**Exercise instructions:**
The entries are to be output word for word, with the pictures omitted.

---- Supplied data

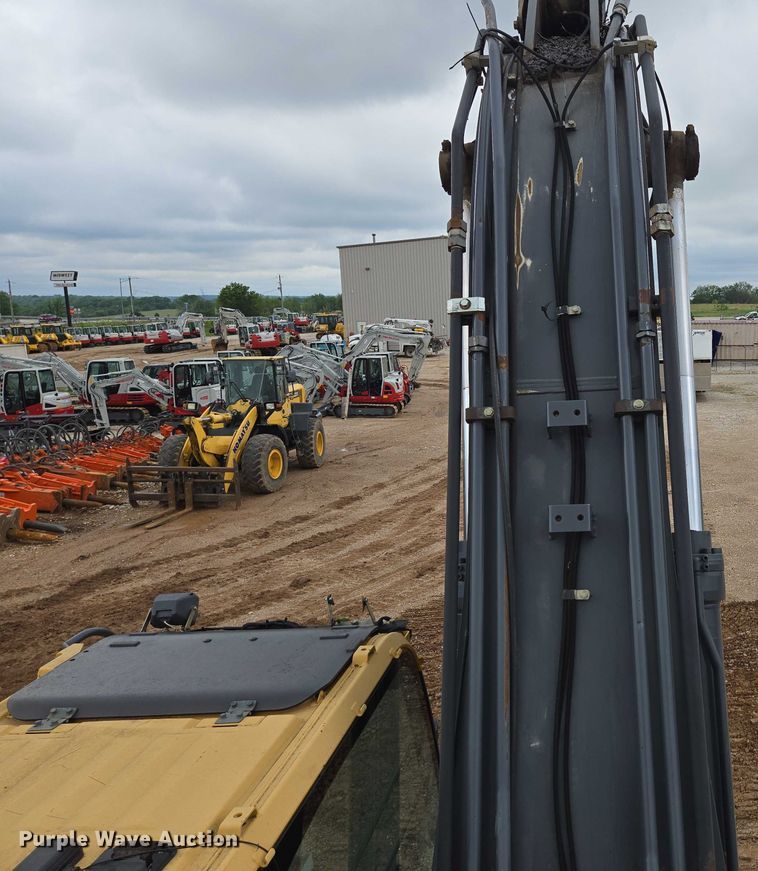 image for item EN3756 2012 John Deere 350G LC excavator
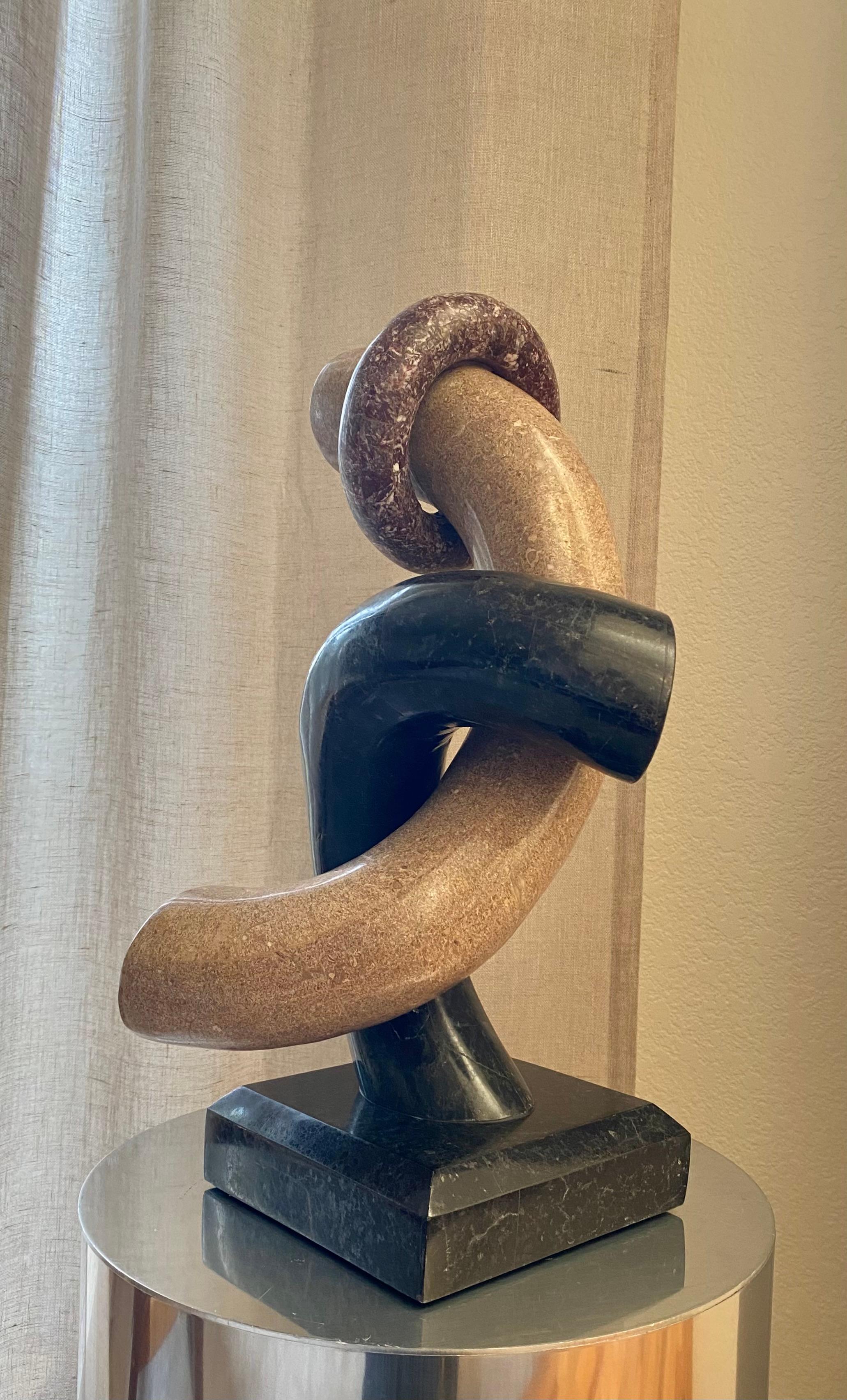 Fatto a mano Scultura monumentale astratta in marmo in vendita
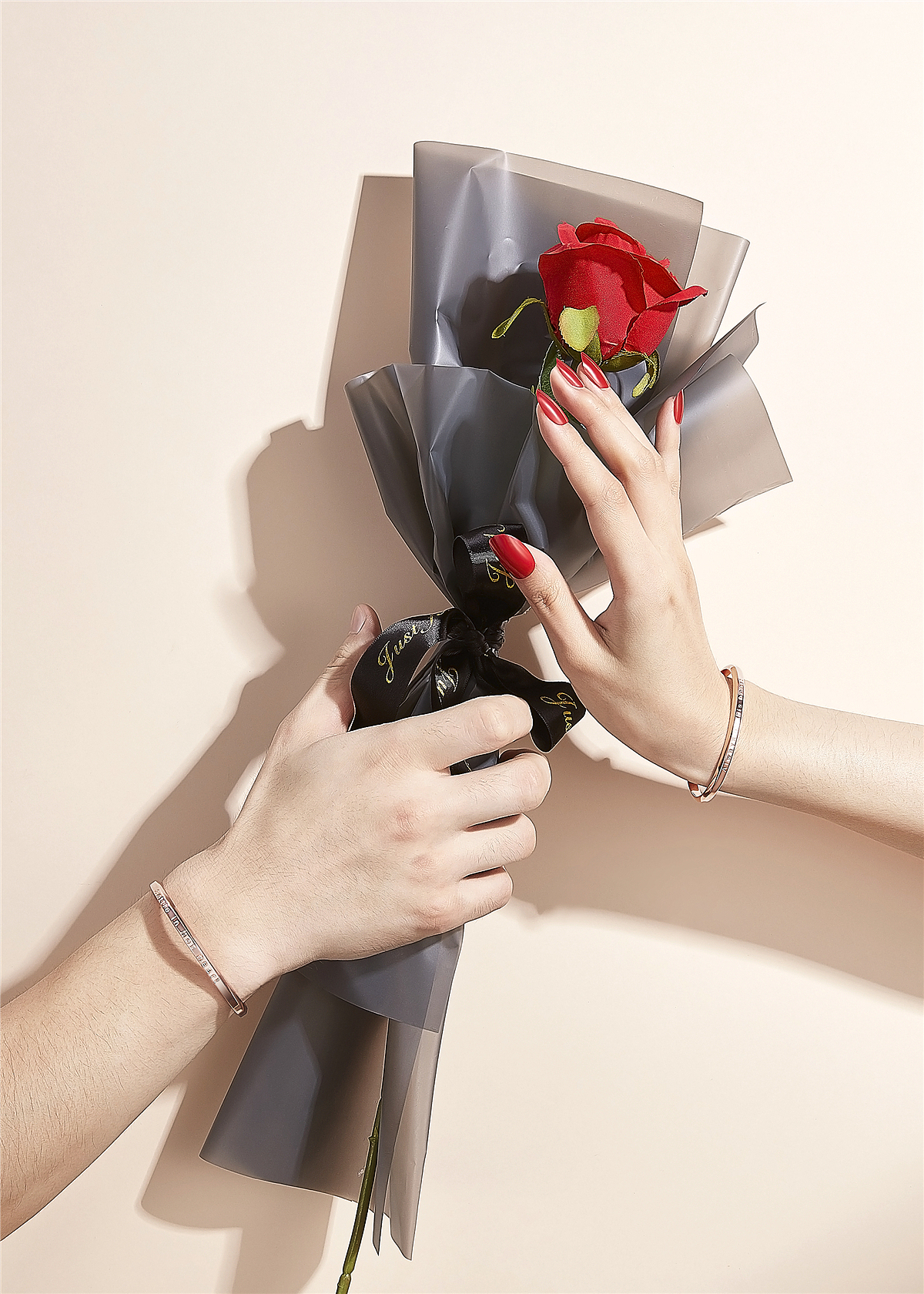 珠宝首饰摄影手镯模特图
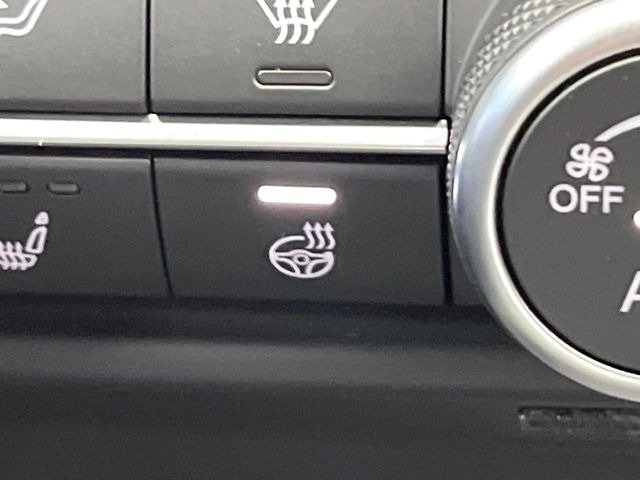 ���t�����g�V�[�g�q�[�e�B���O:�^�]�ȁE����ȋ��ɎO�i�K�Œ��߂��\�ȃV�[�g�q�[�^�[�𑕔����Ă���܂��B�G�߂��킸���K�ɂ��g�p���������܂��B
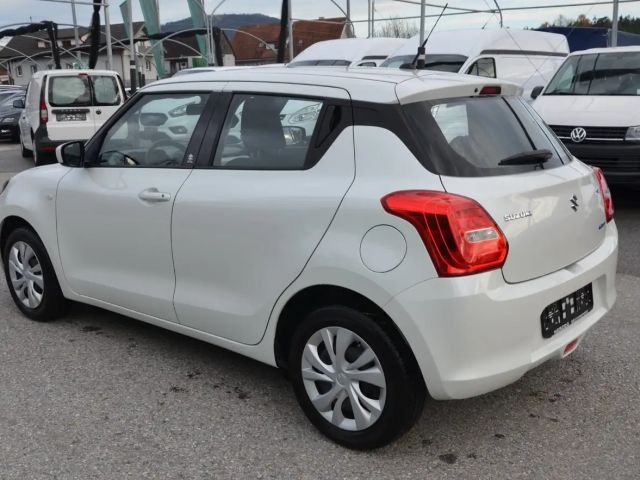 Suzuki Swift Clear Hybrid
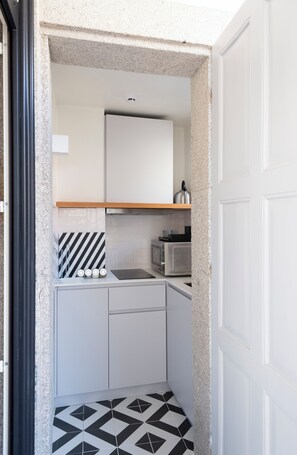 Kühlschrank, Mikrowelle, Herdplatte, Wasserkocher mit Kaffee-/Teezubehör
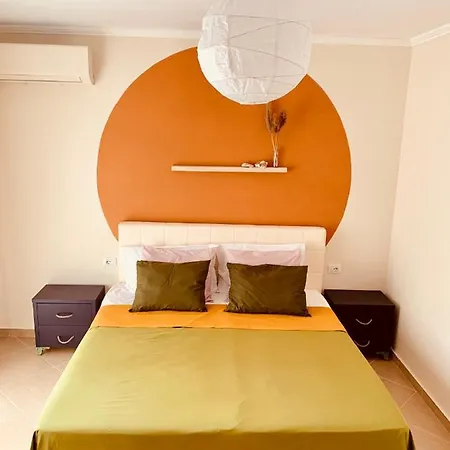 Family Tree -Water Available - Self Check In 24-7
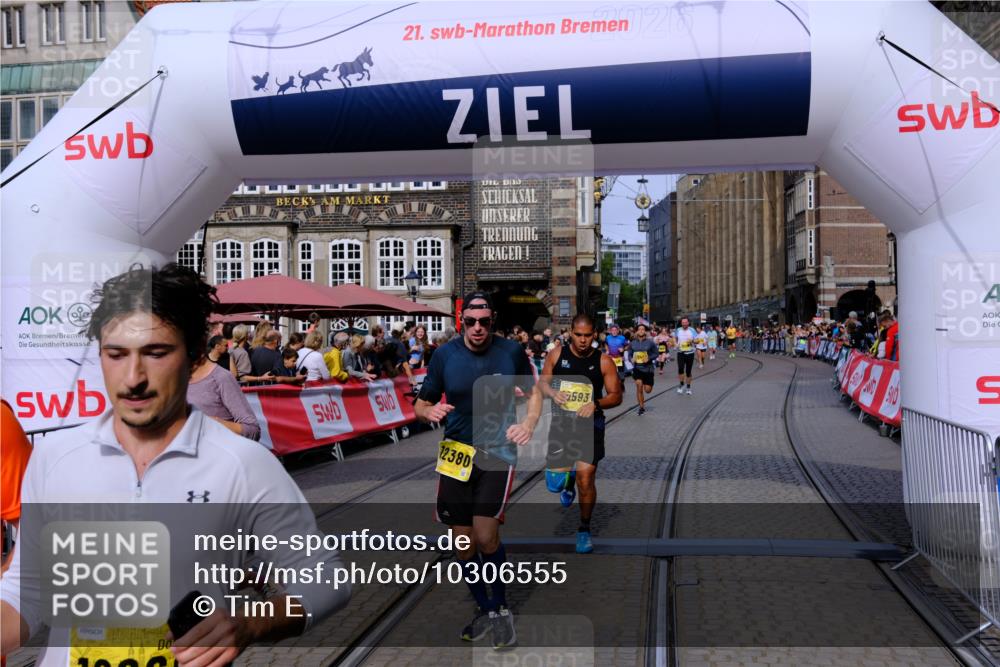 13.09.2026 - 21. swb-Marathon Bremen Tim E. http://msf.ph/oto/10306555 13.09.2026 10:50:12 Ziel 10452, 10508, 10593, 10709, 10966, 11005, 11007, 11035, 11183, 11415, 12380, 12510 meine-sportfotos.de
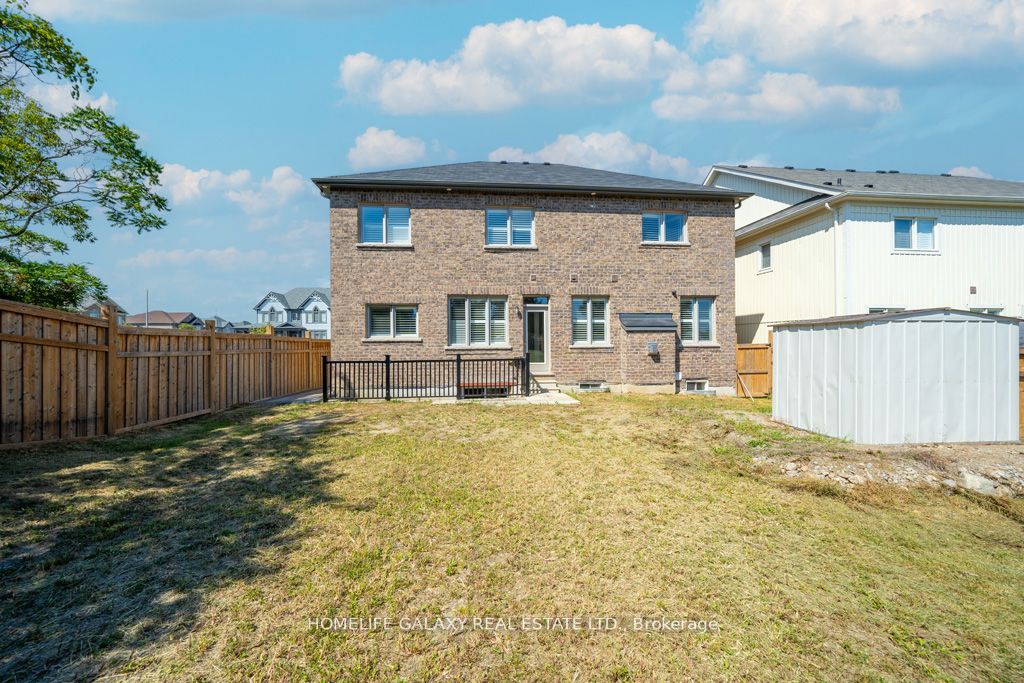 11 Donald Powell Cres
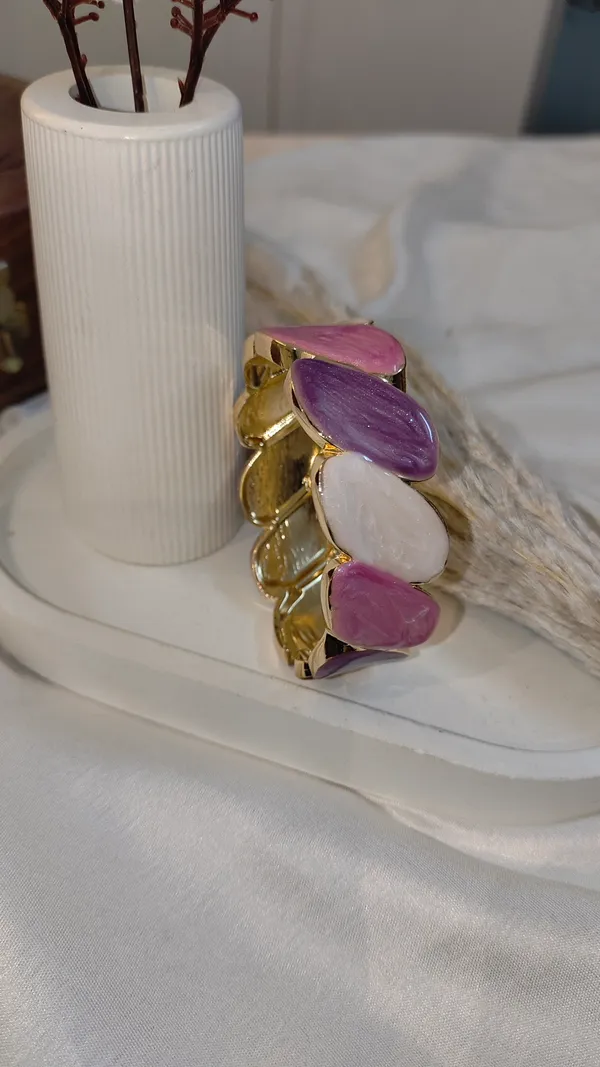 Pink_&_White_&_Purple_Kada_Pebble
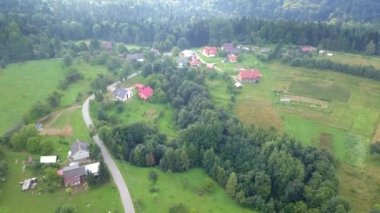 Küçük köy yeşil tepeler yukarıda da görüleceği/EC.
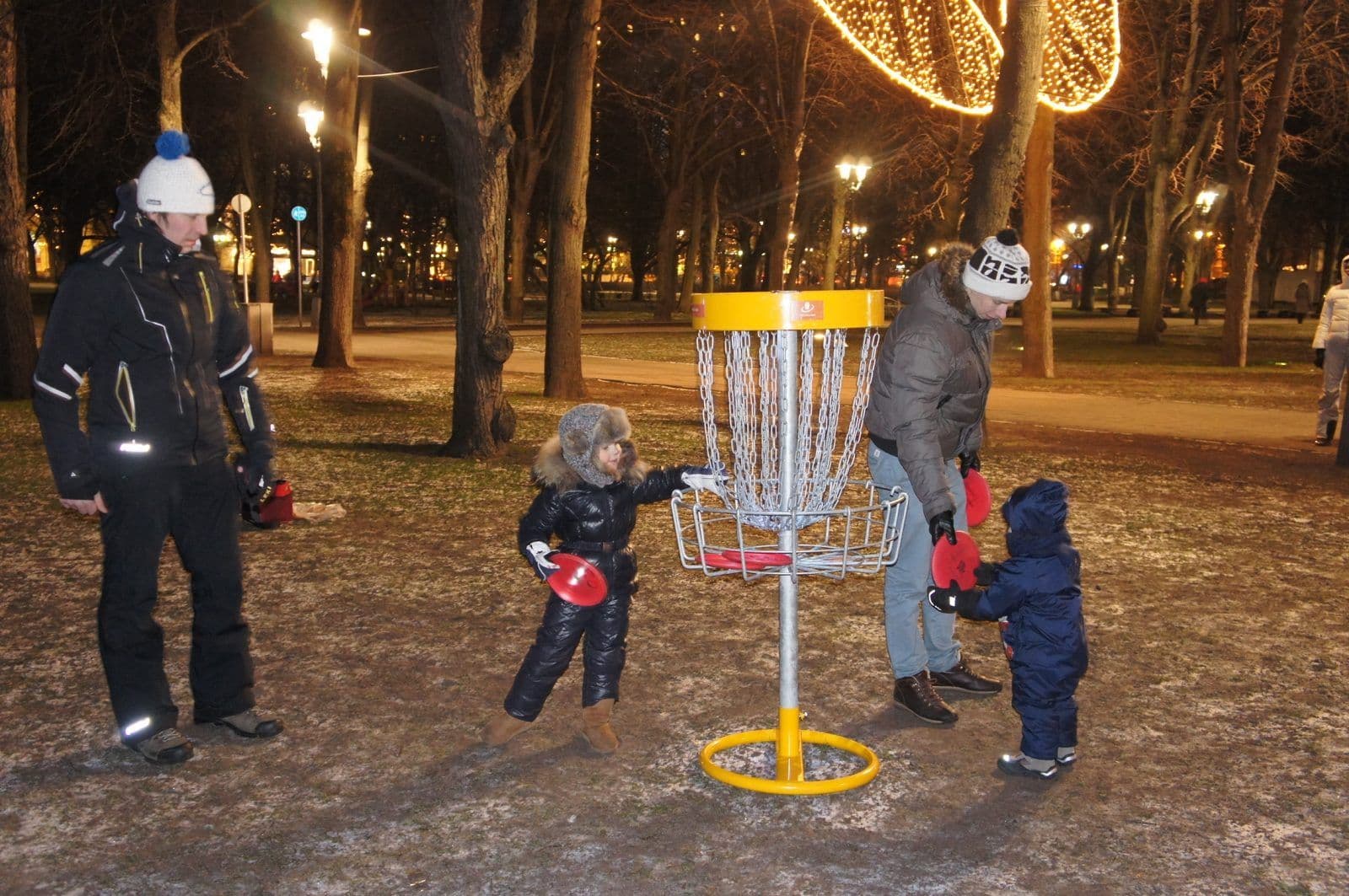 "Riga 2014" atklasana Esplanade Riga disku golfs ufogolf 2014
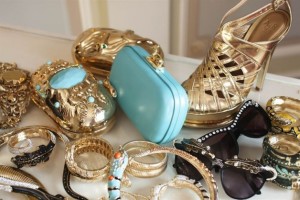 Una collezione di accessori di Anna Dello Russo per H&M in 140 store da ottobre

--------

**Result of the task:**
 image for item EN3756 2012 John Deere 350G LC excavator
 Fatto a mano Scultura monumentale astratta in marmo in vendita
 珠宝首饰摄影手镯模特图
 ���t�����g�V�[�g�q�[�e�B���O:�^�]�ȁE����ȋ��ɎO�i�K�Œ��߂��\�ȃV�[�g�q�[�^�[�𑕔����Ă���܂��B�G�߂��킸���K�ɂ��g�p���������܂��B
 Suzuki Swift Clear Hybrid
 Kühlschrank, Mikrowelle, Herdplatte, Wasserkocher mit Kaffee-/Teezubehör
 Family Tree -Water Available - Self Check In 24-7
 13.09.2026 - 21. swb-Marathon Bremen Tim E. http://msf.ph/oto/10306555 13.09.2026 10:50:12 Ziel 10452, 10508, 10593, 10709, 10966, 11005, 11007, 11035, 11183, 11415, 12380, 12510 meine-sportfotos.de
 11 Donald Powell Cres
 Pink_&_White_&_Purple_Kada_Pebble
 Küçük köy yeşil tepeler yukarıda da görüleceği/EC.
 "Riga 2014" atklasana Esplanade Riga disku golfs ufogolf 2014
 Una collezione di accessori di Anna Dello Russo per H&M in 140 store da ottobre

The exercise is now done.